[Saved entries]
Content starts
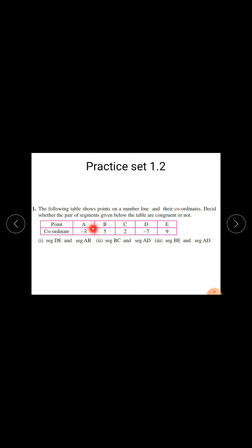Points are A, B, C, D, and E, and their coordinates are minus 3, 5, 2, minus 7, and 9 respectively. So point A has coordinate minus 3, point B has coordinate 5, point C has coordinate 2, point D has coordinate minus 7, and point E has coordinate 9. The first sub-question is seg DE and seg AB. Second is seg BC and seg AD. Third is seg DE and seg AD.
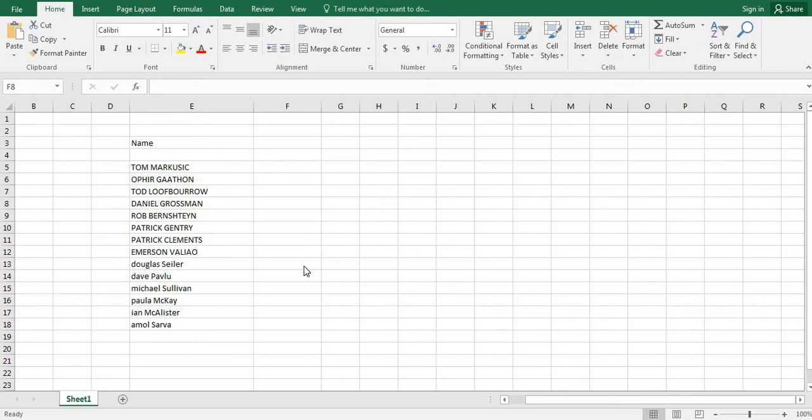Hi, I will show how to convert or send case, or first name last name, in Excel. We will use a formula named PROPER. Let's start.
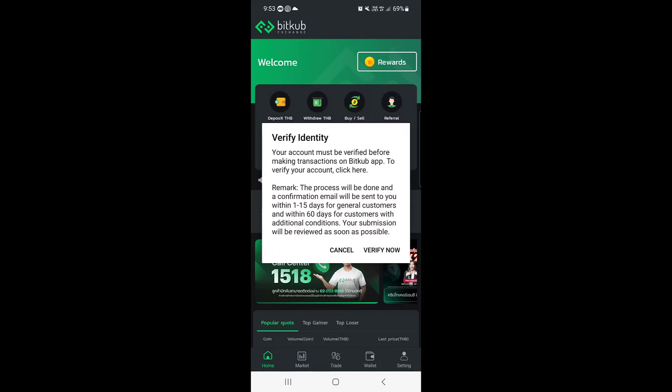Hello guys and welcome back to the channel. In today's video we are going to learn how you can verify your Bitkub account, so without wasting any time let's start the video.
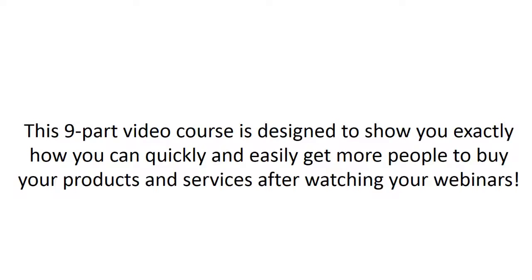This nine-part video course is designed to show you exactly how you can quickly and easily get more people to buy your products or services after watching your webinars.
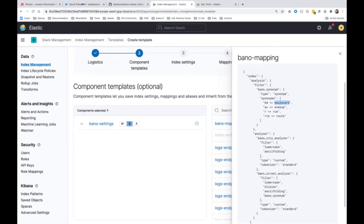For the mappings, I'm telling Elasticsearch exactly what I want: zip code and number as keyword type, city as text using the BanoCity analyzer plus a city.keyword sub-field for aggregations and sorting, and street name using the BanoStreet analyzer. And crucially, the location point is now of type geopoint — exactly what we need. If you want to change a mapping on existing data, you still have to re-index. If you don't want to manage that yourself, we have AppSearch — available with the free basic license and on cloud — which can change the mapping and re-index in the background.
Content ends
PROBLEM: Give back the data exactly, with no images.

SOLUTION FOR THIS TASK:
Points are A, B, C, D, and E, and their coordinates are minus 3, 5, 2, minus 7, and 9 respectively. So point A has coordinate minus 3, point B has coordinate 5, point C has coordinate 2, point D has coordinate minus 7, and point E has coordinate 9. The first sub-question is seg DE and seg AB. Second is seg BC and seg AD. Third is seg DE and seg AD.
Hi, I will show how to convert or send case, or first name last name, in Excel. We will use a formula named PROPER. Let's start.
Hello guys and welcome back to the channel. In today's video we are going to learn how you can verify your Bitkub account, so without wasting any time let's start the video.
This nine-part video course is designed to show you exactly how you can quickly and easily get more people to buy your products or services after watching your webinars.
For the mappings, I'm telling Elasticsearch exactly what I want: zip code and number as keyword type, city as text using the BanoCity analyzer plus a city.keyword sub-field for aggregations and sorting, and street name using the BanoStreet analyzer. And crucially, the location point is now of type geopoint — exactly what we need. If you want to change a mapping on existing data, you still have to re-index. If you don't want to manage that yourself, we have AppSearch — available with the free basic license and on cloud — which can change the mapping and re-index in the background.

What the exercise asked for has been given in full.